Description / Application

A detergent is a surfactant or a mixture of surfactants with "cleaning properties in dilute solutions. These substances are usually alkylbenzenesulfonates, a family of compounds that are similar to soap but are more soluble in hard water, because the polar sulfonate (of detergents) is less likely than the polar carboxyl (of soap) to bind to calcium and other ions found in hard water. In most household contexts, the term detergent by itself refers specifically to laundry detergent or dish detergent, as opposed to hand soap or other types of cleaning agents. Detergents are commonly available as powders or concentrated solutions. Detergents, like soaps, work because they are amphiphilic: partly hydrophilic (polar) and partly hydrophobic (non-polar). Their dual nature facilitates the mixture of hydrophobic compounds (like oil and grease) with water. Because air is not hydrophilic, detergents are also foaming agents to varying degrees.

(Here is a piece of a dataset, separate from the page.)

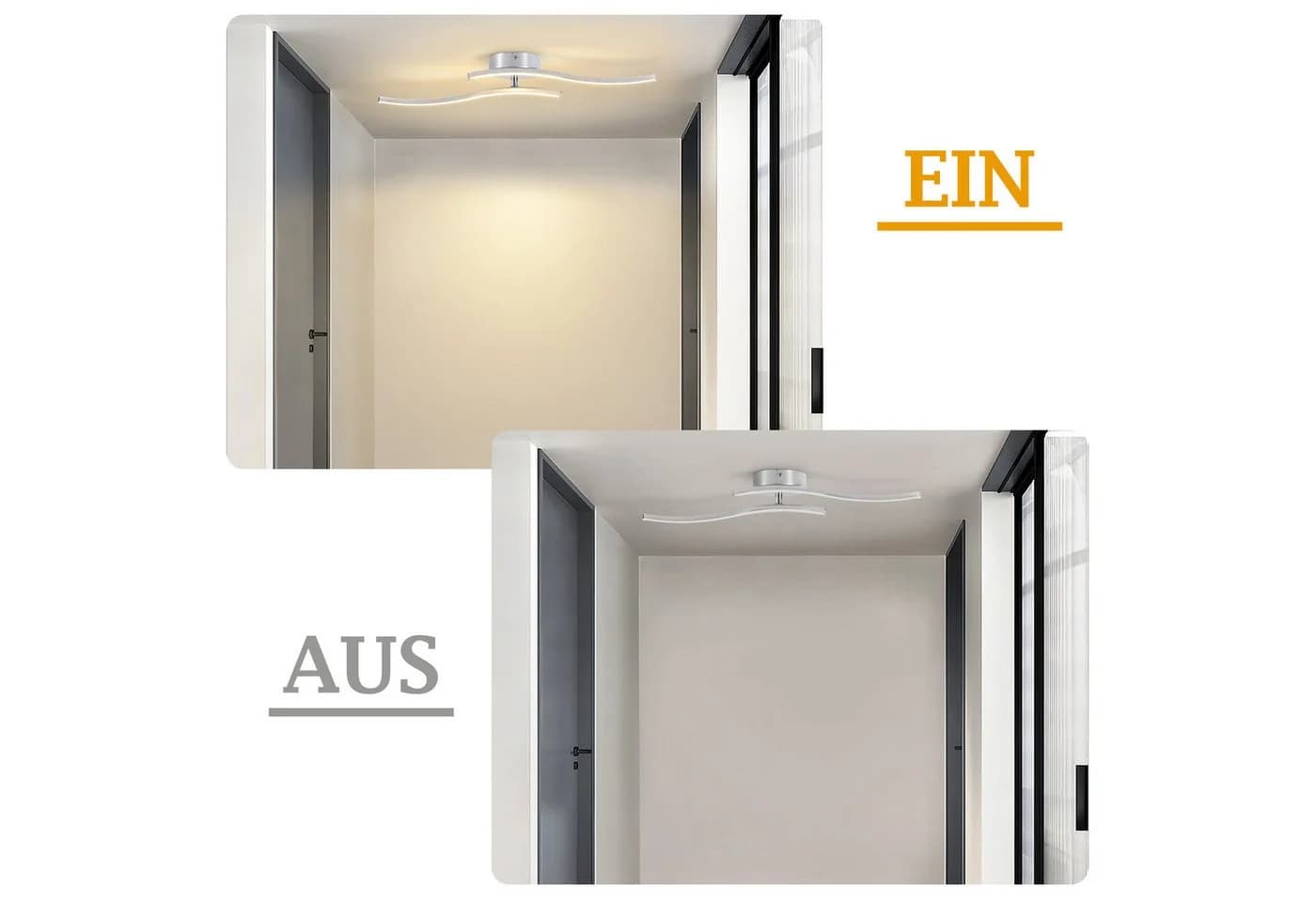 Nettlife Deckenleuchte Wellen Design Schwarz 3000K 12W - Bild 5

Shipment / Storage / Risk factors

In powder form, frequently shipped in metal drums. If drums are damaged during transit the contents, through exposure and absorption of moisture from the atmosphere, may be contaminated, slightly discoloured, freely deliquescing and converted into a soft pasty mass, intermixed with small lumps. In such a state the detergent has little salvage value.

A variety of detergents are now being carried in bulk liquid form. Most of these are of a non hazardous nature, although many have an offensive odour. It is essential that tanks are thoroughly cleaned prior to loading and it is advisable to call survey of space before the cargo is accepted.